Leaders Hold the Keys to Teacher Improvement
Let’s get going, Leaders — your teachers’ growth and success is in large part dependent on you! It’s so important for Pre-K teachers to have some time regularly (outside the classroom) to collaborate: share practices, share lesson planning, and learn from and with each other. But this requires the commitment of system leaders and the work of a skilled Instructional Leader, who does the recruiting and hiring, manages schedules and budgets, prioritizes and protects the time teachers need. Teachers can’t improve and sustain improvements without System-Level changes!
The EdWeek article highlighted in the Facebook feed presented some common characteristics of programs who were successful in carving out time for teacher collaborations–developments which may take time but are intentional and feasible.
- Putting the focus right where it should be–student learning–and creating a culture of learning that includes ALL staff–everyone’s learning is important;
- Hiring the right staff – as new teachers are brought on, they must be committed to a philosophy of ongoing change and improvement. They must be able to acknowledge that they still have plenty to learn, and be willing to take part in the learning of their coworkers.
- Flexibility in scheduling – the programs continually modify schedules to maximize learning for both students and teachers. Ideas include changing arrival and dismissal times, designating one day per month (or even per week) as ‘early dismissal’ day; and carving out after-school hours for teams to meet;
- Creating multiple and flexible staffing roles: utilizing teacher aides for more than just one-on-one student attention and covering breaks, appointing teachers to various roles such as ‘new teacher mentor’ or ‘PLC facilitator’. Utilizing subs, volunteers and other in-house personnel to help cover classrooms so that teachers can leave the room for scheduled peer learning opportunities.

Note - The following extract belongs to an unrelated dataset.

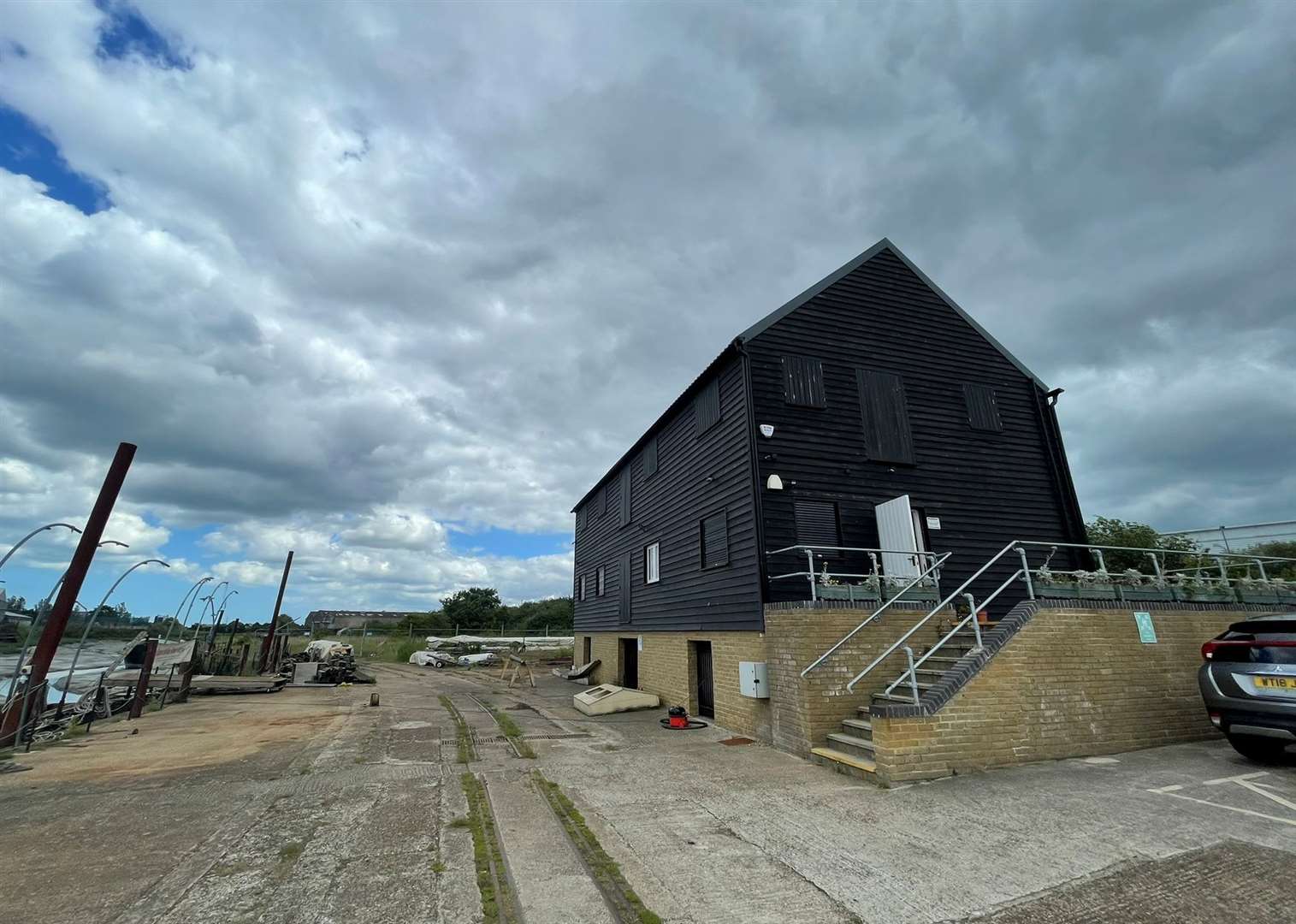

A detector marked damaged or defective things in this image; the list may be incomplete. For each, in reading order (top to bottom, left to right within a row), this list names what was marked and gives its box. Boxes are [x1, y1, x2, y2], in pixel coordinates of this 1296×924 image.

Leaders who are successful in creating this culture of learning within their staff, are generally supportive, hands-on and very visible in classrooms, inclusive, ‘strengths-based’, and collaborative, not ‘top-down’ in their leadership style. They allow teachers to have a voice, and know how to build strong teams, where everyone is accountable to the mission of the school, and energized by the vision of the leader. What kind of leader are you?